Trickbot malware is back with a new campaign – just a few months after its operations were disrupted by a coalition of cybersecurity and technology companies.

Initially starting life as a banking trojan, Trickbot evolved to become a highly popular form of malware among cyber criminals, particularly because its modular nature allowed for it to be used many different kinds of attacks.

These include the theft of login credentials and the ability to propagate itself around the network spreading the infection further.

Trickbot even became a loader for other forms of malware, with cyber criminals taking advantage of machines already compromised by Trickbot as a means of delivering other malicious payloads, including ransomware.

In October last year, a takedown led by Microsoft disrupted the infrastructure behind the Trickbot malware botnet, but now it appears to be coming back to life as researchers at Menlo Security have identified an ongoing malware campaign which has the hallmarks of previous Trickbot activity.

These attacks appear to be exclusively targeting legal and insurance companies in North America, with phishing emails encouraging potential victims to click on a link which will redirect them to a server which downloads a malicious payload.

SEE: Cybersecurity: Let's get tactical (ZDNet/TechRepublic special feature) | Download the free PDF version (TechRepublic)

Many of these emails are claiming that the user has been involved in a traffic infringement and points them towards a download of the 'proof' of their misdemeanor – a social engineering trick which can catch people off guard and panic them into downloading. In this case the download is a zip archive which contains a malicious Javascript file – a typical technique deployed by Trickbot campaigns – which connects to a server to download the final malware payload.

Analysis of this payload indicates that it connects to domains which are known to distribute Trickbot malware, indicating that it's once again active and could pose a threat to enterprise networks.
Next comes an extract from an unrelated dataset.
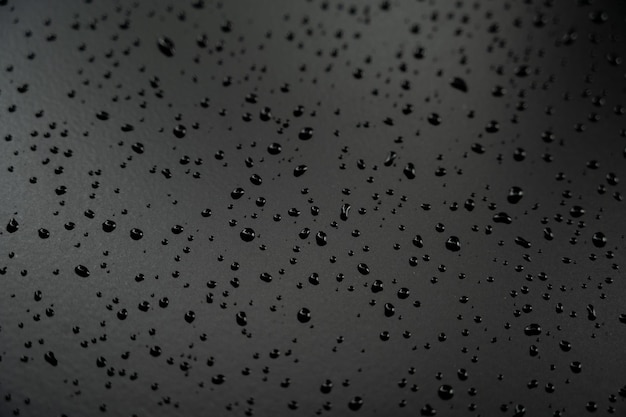 Water droplets on the floor with black background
"Where there's a will, there's a way. That proverb certainly holds true for the bad actors behind Trickbot's operations," said Vinay Pidathala, director of security research at Menlo Security

"While Microsoft and it's partners' actions were commendable and Trickbot activity has come down to a trickle, the threat actors seem to be motivated enough to restore operations and cash in on the current threat environment," he added.

An advisory on Trickbot by the UK's National Cyber Security Centre (NCSC) recommends that organisations use the latest supported versions of operating systems and software and to apply security patches in order to stop Trickbot other malware exploiting known vulnerabilities to spread.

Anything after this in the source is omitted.